◆ WHAT THE TASK ASKS:
Every line from the one containing "Apartment With sea Views in Llan?? - 1052" to the one containing "Μια τηλεόραση ή/και" in the records below, both included, must be set down exactly, and no other line.

■ ■ ■ ■ ■ ■ ■

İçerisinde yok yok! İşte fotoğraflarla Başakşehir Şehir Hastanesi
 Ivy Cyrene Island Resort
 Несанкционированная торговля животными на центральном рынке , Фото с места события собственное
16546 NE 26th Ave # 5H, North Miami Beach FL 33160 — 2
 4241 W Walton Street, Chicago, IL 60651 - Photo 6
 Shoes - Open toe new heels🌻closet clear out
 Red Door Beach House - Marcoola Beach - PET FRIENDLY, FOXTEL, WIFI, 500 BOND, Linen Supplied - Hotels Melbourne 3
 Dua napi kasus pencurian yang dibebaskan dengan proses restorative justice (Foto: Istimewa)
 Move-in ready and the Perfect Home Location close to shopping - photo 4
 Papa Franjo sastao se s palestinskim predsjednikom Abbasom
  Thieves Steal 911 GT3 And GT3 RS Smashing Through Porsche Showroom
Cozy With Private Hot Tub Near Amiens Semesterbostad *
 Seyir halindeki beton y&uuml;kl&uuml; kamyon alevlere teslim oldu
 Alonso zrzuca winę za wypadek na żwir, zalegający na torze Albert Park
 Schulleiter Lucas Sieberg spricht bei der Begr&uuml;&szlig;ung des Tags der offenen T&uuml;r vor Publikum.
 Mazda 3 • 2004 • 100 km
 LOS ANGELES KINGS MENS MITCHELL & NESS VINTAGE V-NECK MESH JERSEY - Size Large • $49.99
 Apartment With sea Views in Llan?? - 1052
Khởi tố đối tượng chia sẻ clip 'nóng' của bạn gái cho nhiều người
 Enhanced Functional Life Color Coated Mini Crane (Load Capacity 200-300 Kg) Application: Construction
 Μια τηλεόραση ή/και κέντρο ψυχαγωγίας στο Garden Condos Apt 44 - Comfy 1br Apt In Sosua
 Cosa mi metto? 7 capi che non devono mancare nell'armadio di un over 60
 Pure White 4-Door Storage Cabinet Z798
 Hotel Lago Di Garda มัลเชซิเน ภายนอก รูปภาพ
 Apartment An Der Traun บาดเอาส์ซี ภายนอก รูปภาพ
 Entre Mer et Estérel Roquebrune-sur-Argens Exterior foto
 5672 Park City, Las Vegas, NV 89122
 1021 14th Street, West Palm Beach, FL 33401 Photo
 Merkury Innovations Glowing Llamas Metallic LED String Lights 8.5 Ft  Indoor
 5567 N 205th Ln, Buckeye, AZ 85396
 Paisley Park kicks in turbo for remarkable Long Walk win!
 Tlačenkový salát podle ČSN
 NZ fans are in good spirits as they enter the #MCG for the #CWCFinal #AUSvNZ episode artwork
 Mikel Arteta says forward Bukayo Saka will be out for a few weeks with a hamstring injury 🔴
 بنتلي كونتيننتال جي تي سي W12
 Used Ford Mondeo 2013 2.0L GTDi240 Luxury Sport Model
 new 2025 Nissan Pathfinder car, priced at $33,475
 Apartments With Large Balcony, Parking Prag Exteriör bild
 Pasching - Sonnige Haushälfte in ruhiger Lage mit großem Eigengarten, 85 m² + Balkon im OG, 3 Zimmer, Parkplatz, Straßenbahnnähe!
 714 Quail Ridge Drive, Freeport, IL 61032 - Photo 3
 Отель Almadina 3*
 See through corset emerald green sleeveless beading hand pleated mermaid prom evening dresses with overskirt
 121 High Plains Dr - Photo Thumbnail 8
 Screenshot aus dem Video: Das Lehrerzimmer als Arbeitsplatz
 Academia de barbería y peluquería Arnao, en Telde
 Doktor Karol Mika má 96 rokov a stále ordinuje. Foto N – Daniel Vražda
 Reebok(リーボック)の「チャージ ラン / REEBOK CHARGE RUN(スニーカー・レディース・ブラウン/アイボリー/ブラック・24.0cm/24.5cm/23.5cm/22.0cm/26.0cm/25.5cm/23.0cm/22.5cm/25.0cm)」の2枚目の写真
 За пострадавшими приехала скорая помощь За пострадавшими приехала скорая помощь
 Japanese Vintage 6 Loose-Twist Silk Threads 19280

■ ■ ■ ■ ■ ■ ■

◆ THE COMPLETED TASK:
 Apartment With sea Views in Llan?? - 1052
Khởi tố đối tượng chia sẻ clip 'nóng' của bạn gái cho nhiều người
 Enhanced Functional Life Color Coated Mini Crane (Load Capacity 200-300 Kg) Application: Construction
 Μια τηλεόραση ή/και κέντρο ψυχαγωγίας στο Garden Condos Apt 44 - Comfy 1br Apt In Sosua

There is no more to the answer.